Aim of the exercise: Beneath this line are entries. Copy the range from the line with "Community map highlighting" to the line with "Mbah Melan Terus", ends included, exactly; leave pictures out.

[[ Provided material, beginning ]]

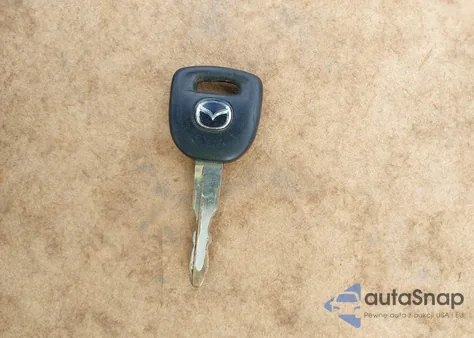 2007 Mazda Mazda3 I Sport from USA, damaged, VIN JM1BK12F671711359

[[ Provided material, end ]]
[[ Provided material, beginning ]]

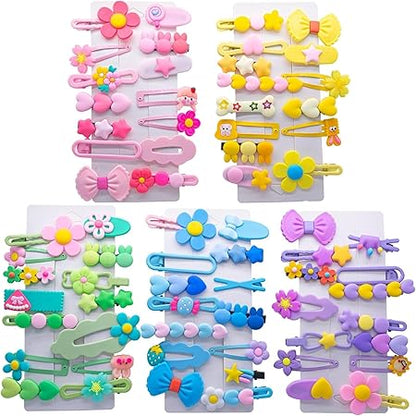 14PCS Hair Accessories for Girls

[[ Provided material, end ]]
[[ Provided material, beginning ]]

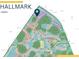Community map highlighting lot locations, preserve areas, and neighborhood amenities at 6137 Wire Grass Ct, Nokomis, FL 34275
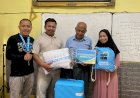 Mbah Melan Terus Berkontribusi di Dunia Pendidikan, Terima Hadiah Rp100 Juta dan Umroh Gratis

[[ Provided material, end ]]

Answer to the problem:
Community map highlighting lot locations, preserve areas, and neighborhood amenities at 6137 Wire Grass Ct, Nokomis, FL 34275
 Mbah Melan Terus Berkontribusi di Dunia Pendidikan, Terima Hadiah Rp100 Juta dan Umroh Gratis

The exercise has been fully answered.